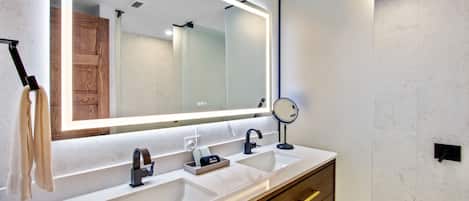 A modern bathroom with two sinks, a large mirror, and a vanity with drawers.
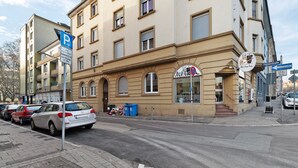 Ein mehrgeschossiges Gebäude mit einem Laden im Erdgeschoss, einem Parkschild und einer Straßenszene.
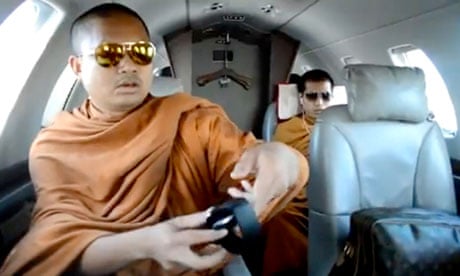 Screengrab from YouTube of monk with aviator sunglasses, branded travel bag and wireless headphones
---
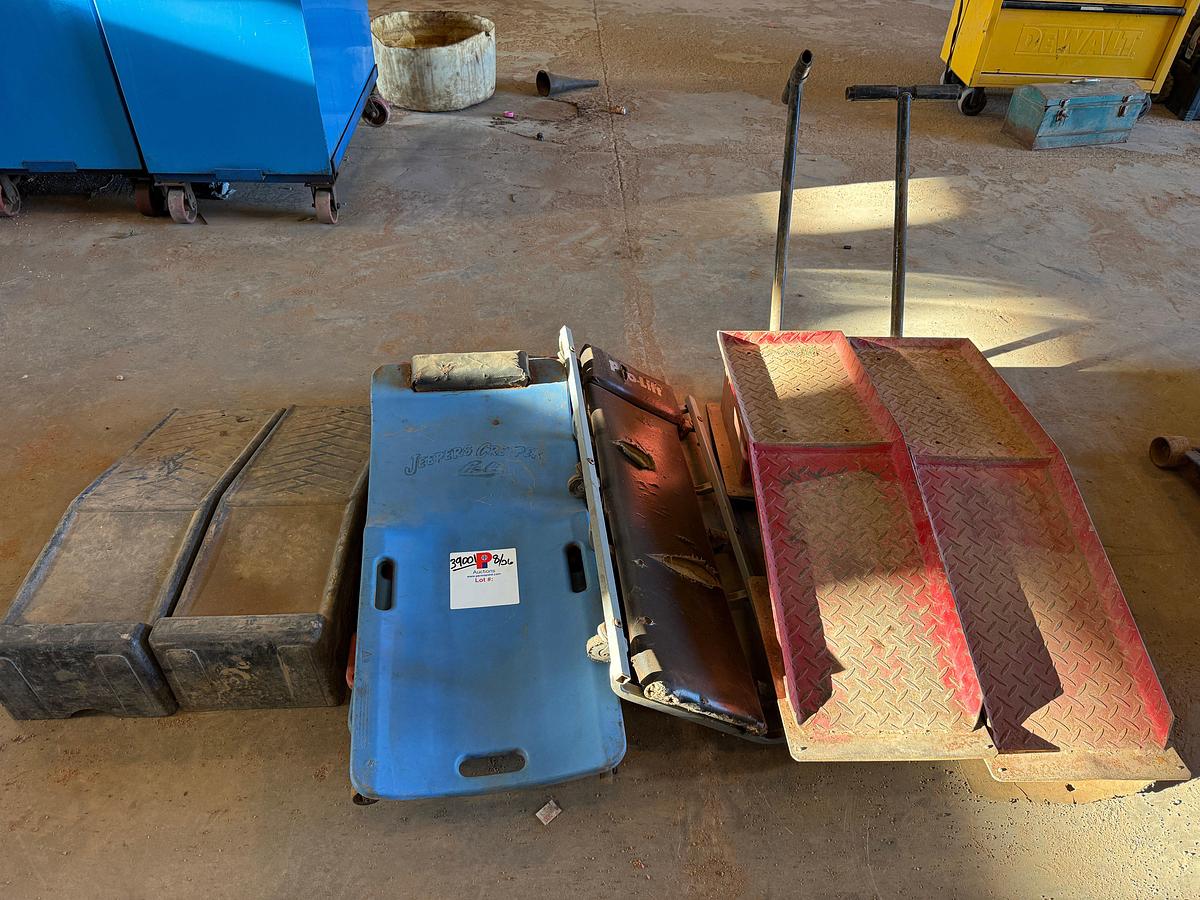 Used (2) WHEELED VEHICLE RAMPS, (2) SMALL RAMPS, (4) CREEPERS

Problem statement: Would you print exactly the lines in the listing above, from the line bearing "A modern bathroom" through the line bearing "Screengrab from YouTube", leaving out all pictures?

Task answer:
 A modern bathroom with two sinks, a large mirror, and a vanity with drawers.
 Ein mehrgeschossiges Gebäude mit einem Laden im Erdgeschoss, einem Parkschild und einer Straßenszene.
 Screengrab from YouTube of monk with aviator sunglasses, branded travel bag and wireless headphones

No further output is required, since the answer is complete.